The work done by the weight of the trunk can be calculated similarly. Only the x-component of the weight does work on the trunk.

`W_g = -mg\sin(30^\circ)d`

Note that the direction of the weight force is opposite of the direction of the motion, so this force does negative work on the trunk.

`W_g = -823J`

The energy dissipated by the frictional force can be found as follows:

`W_f = -mg\cos(30^\circ)\mu d = -35(9.8)(0.86)(0.19)(4.8) = -269J`

Additionally, the sum of work done by the friction and weight is equal in magnitude to the work done by the applied force. This shows that our calculations are consistent.

In the second part of the question, the applied force is on the x-direction. We will follow a similar procedure but a different force.
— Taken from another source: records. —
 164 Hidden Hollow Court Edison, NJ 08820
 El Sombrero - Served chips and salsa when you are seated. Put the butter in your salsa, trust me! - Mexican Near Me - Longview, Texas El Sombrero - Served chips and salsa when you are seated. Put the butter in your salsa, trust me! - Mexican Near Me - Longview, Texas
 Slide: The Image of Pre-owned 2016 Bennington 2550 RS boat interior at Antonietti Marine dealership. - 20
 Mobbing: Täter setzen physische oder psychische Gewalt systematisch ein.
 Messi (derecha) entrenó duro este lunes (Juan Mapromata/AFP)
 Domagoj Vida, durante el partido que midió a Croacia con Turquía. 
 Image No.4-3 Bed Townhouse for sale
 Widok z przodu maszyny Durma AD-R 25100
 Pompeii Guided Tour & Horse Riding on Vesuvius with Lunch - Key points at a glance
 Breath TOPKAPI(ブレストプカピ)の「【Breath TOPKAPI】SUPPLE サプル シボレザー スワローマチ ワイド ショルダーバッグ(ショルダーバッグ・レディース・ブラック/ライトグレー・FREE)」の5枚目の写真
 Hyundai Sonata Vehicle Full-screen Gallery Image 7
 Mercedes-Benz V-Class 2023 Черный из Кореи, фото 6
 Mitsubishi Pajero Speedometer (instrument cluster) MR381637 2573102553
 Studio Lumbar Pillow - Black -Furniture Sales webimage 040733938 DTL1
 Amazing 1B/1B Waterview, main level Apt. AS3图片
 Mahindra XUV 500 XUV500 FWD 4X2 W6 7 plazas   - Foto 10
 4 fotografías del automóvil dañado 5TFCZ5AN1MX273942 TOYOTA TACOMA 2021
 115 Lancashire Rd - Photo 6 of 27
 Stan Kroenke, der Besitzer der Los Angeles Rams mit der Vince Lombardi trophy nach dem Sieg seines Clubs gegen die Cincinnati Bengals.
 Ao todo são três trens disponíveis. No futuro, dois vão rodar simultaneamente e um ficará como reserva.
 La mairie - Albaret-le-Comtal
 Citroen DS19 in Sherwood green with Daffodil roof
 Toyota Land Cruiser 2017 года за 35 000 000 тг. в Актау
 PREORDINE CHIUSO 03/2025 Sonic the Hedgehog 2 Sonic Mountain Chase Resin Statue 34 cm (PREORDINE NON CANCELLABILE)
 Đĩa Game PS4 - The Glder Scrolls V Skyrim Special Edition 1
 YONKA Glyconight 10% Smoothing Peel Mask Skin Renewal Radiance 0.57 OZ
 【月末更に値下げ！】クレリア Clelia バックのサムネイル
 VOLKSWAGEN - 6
`0 = F - mg\sin(30^\circ) - mg\cos(30^\circ)\mu\\0 = F - 35(9.8)(0.5) - 35(9.8)(0.86)(0.19)\\0 = F - 171.5 - 56\\F = 227.5N`

`W_F = Fd = 227.5* 4.8 = 1092J`

`W_g = -mg\sin(30^\circ)d = -35(9.8)(0.5)(4.8) = -823J`

`W_f = -mg\cos(30^\circ)\mu d = -35(9.8)(0.86)(0.19)(4.8) = -269J`

Explanation:

As you can see above, the answers are the same, although the directions of the applied forces are different. The reason for this situation is that in the first part the y-component does no work.